心配して、祖母がトイレに駆けつけるも、鍵を閉めていてドアが開かない。
完全に、大学生が居酒屋で酔い潰れるパターンと一緒だ。

祖母がドライバーを持ってきて、トイレの鍵をこじ開ける。
そっと中を見ると、案の定、酔い潰れているおじさんの姿。

おじさん、あの親戚のおじさん特有の威厳はどこに行ってしまったんだよ。

トイレを開けたまま、慣れた手つきで扇風機の風を当てる祖母。
この対処するの、絶対初めてじゃないだろってくらい、すばやく介抱する祖母。

当事者の祖父は、一瞬トイレをのぞき込み「アイツやっちゃったな」とだけ言い、とくに悪びれる様子もなく、一人で飲み直し始めた。

コイツはサイコパスだ。あんたのせいだぞ。

それから、おじさんの様子が変わらないので、私は自分の家に戻り、お風呂に入ることにした。

すると、私がお風呂に入っている間も、隣の棟から聞こえてくる嗚咽音。
近所の人が聞いたら、ゾンビでも飼い始めたのかって聞かれるくらい
うなだれた声が響いていた。

風呂後に、念のため、様子を見に行くと、相変わらずおじさんはトイレにこもっていた。
肝心の祖父は、クーラーがカンカンに効いた部屋で大いびきをかいて寝ていた。

祖母に「おじさん大丈夫?」と聞くと、「おじさん、久しぶりにおじいちゃんと飲めて、楽しくて、飲みすぎちゃったんだね」と軽快なトーンで言った。

いや待て、あんたもサイコパスか。あんたらもうサイコパス夫婦だよ。どう考えても、おじいちゃんが潰してただろ。酔いつぶれて何も言えないからって都合よく解釈すな。
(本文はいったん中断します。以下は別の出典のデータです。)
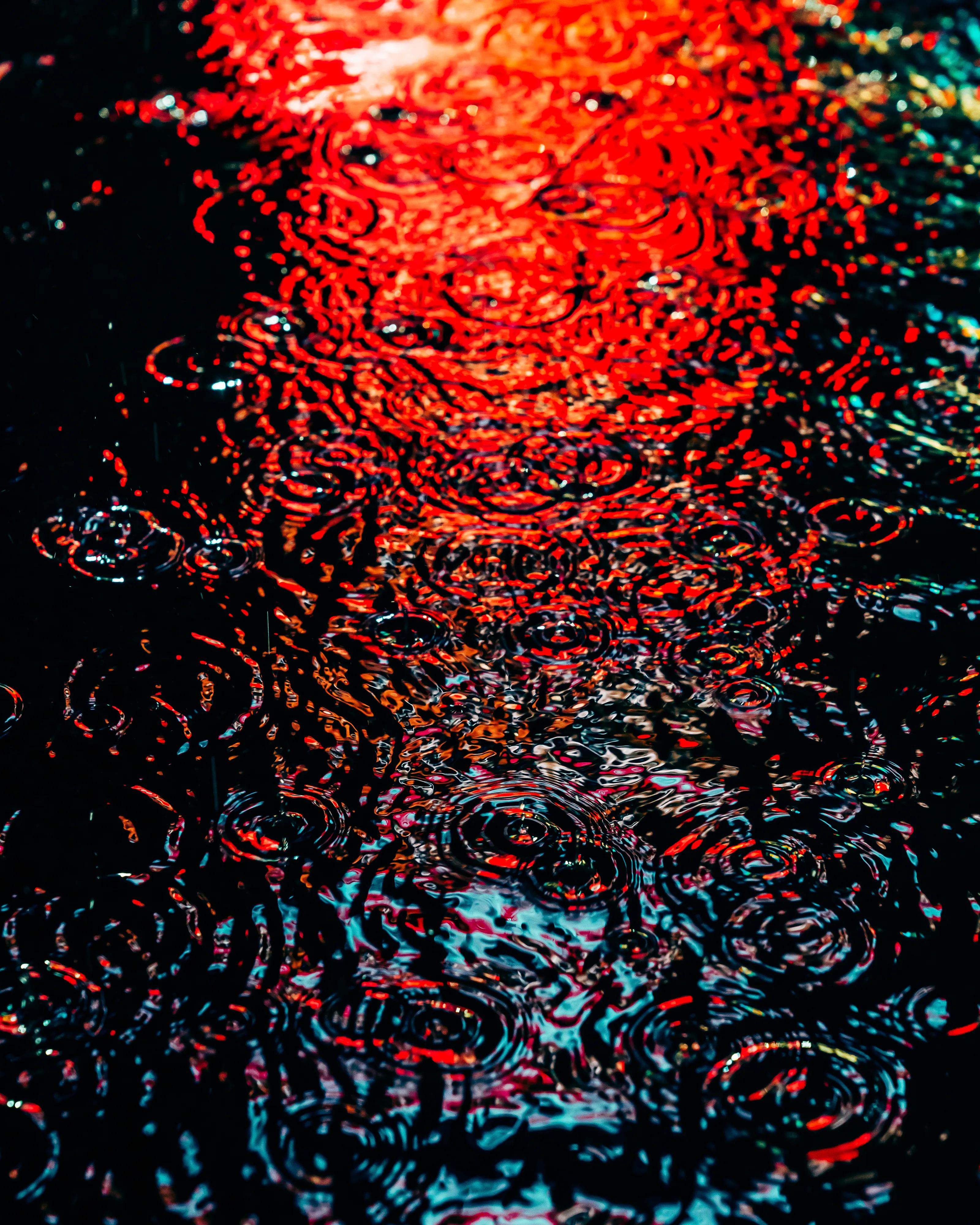 Drip Drop is an ode to the generative beauty of a universe unwinding. 1111 1/1 photographs of rain hitting puddles in Times Square, New York City. Rarity is determined by machine vision detecting a wide range of variables.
と思った。

翌朝、おじさんが、わざわざ私の家まで来て「のんちゃん、昨日は情けない所見られちゃったね」と謝りに来た。
その横で祖父が「もうちょっと、酒強くならなきゃな」と平然と言っていた。やっぱこいつはサイコパスじいさんだ。

そして、この酒豪サイコパスじいさんに対して、お酒が一滴も飲めないのに、トーク力だけですべてをカバーしていた、今は亡き父が一番最強だったんじゃないかと思ったのであった。